California Supreme Court Decision Closes the Door to California Lawsuits Against Dissolved Foreign Corporations

In a decision of considerable importance to insurers, the California Supreme Court in Greb v. Diamond International Corporation, Case No. S18365 (February 21, 2013), unanimously held that California’s corporate survival statute, Corporations Code § 2010, has no application to a corporation formed under the laws of another state.

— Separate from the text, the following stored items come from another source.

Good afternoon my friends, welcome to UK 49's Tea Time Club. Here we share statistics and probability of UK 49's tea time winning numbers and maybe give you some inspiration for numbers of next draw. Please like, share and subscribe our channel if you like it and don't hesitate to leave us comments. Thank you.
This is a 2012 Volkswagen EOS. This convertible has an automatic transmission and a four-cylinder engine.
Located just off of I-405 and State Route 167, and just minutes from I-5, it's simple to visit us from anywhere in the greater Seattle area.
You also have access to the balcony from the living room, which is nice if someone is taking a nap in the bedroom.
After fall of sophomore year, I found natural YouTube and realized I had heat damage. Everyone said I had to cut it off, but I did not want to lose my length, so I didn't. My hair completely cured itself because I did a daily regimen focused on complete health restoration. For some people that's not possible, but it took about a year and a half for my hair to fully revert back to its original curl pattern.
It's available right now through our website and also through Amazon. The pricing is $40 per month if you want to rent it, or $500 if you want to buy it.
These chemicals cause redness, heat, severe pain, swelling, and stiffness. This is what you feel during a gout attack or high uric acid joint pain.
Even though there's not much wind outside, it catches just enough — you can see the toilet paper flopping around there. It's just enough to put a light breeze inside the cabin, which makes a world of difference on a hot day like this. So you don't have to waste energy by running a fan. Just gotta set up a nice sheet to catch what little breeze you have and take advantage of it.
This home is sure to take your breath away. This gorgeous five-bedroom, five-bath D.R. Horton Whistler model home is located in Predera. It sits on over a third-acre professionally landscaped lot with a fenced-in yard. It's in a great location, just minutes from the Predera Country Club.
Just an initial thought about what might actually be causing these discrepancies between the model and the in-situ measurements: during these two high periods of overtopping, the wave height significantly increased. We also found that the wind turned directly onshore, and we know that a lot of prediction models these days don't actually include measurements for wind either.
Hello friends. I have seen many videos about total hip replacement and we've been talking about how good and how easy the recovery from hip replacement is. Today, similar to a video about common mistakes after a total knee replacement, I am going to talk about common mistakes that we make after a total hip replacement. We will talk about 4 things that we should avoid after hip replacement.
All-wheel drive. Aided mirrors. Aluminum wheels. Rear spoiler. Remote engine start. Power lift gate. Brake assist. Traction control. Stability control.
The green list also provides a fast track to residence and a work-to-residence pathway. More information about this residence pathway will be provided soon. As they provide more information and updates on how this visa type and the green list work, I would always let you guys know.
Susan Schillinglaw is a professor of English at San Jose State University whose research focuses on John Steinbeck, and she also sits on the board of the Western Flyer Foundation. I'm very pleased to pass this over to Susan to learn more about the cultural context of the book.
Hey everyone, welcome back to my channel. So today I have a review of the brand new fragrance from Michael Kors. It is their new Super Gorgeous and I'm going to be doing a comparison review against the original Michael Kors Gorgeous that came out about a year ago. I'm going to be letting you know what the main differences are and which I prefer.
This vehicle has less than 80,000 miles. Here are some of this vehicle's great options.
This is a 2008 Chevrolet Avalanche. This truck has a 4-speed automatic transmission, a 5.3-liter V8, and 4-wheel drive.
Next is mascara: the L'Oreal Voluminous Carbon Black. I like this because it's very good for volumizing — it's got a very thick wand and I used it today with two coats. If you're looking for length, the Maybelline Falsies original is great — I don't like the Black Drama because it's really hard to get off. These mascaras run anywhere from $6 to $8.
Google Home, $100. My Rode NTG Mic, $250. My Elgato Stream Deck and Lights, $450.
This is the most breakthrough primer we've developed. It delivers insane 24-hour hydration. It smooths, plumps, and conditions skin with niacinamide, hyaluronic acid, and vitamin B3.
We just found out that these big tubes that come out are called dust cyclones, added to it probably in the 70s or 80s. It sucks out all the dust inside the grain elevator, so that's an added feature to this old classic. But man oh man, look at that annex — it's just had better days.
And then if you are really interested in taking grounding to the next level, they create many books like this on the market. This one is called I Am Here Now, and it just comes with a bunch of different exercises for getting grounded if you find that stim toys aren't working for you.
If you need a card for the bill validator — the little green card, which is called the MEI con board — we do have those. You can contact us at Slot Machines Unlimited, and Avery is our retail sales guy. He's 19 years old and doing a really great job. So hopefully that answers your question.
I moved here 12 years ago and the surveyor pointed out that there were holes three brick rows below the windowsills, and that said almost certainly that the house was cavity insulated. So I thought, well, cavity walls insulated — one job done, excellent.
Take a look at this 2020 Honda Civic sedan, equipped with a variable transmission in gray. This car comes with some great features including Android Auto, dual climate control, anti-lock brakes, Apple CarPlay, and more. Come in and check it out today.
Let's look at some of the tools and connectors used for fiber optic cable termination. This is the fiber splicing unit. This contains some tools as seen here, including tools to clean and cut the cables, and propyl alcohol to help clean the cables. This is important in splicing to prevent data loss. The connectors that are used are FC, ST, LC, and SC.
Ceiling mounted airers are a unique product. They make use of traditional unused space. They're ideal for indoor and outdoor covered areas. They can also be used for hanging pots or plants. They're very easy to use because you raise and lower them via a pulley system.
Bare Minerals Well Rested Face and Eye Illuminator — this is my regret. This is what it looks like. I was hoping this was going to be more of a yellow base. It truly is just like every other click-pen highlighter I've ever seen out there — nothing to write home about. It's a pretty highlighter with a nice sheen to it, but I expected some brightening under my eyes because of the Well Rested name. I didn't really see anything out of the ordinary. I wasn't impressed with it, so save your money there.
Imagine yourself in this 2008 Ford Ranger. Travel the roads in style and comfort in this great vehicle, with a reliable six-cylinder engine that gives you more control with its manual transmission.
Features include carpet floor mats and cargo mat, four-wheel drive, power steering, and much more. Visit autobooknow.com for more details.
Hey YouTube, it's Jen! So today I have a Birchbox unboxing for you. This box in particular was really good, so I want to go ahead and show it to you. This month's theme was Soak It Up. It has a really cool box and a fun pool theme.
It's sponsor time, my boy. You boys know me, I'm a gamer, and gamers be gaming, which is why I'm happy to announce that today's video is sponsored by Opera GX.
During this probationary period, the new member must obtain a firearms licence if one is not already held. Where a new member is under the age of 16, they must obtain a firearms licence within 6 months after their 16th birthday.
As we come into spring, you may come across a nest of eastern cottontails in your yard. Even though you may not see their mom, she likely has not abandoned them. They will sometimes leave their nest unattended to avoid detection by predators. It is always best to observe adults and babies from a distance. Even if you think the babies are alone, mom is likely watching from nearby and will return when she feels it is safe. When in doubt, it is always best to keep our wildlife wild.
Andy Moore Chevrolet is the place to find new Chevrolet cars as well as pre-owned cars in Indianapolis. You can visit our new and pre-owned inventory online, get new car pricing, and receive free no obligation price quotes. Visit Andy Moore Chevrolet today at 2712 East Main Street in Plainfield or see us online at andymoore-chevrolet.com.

A corporate survival statute defines the capacity of a corporation to sue or be sued after it has dissolved and ceased transacting business. Under the laws of many other states, a corporation’s capacity to sue or be sued expires after a prescribed period of time. See, e.g., Delaware - 8 Del. C. § 278 (three years);Illinois - 805 ILCS § 5/12.80 (five years); Michigan - Mich. Comp. Laws §§ 450.1841a, 450.1842a (one year). A lawsuit filed outside of the survival period may be subject to dismissal. See, e.g., Eiche v. Blankenau, 570 N.W. 2d 190 (Neb. 1997); Kradel v. Piper Indus., Inc., 60 S.W. 3d 744 (Tenn. 2001). In contrast with other states, California’s survival statute allows a dissolved corporation to be sued indefinitely. Cal. Corp. Code §2010, subd. (a) (“A corporation which is dissolved nevertheless continues to exist for the purpose of . . . defending actions by or against it and enabling it to. . . discharge obligations ...”)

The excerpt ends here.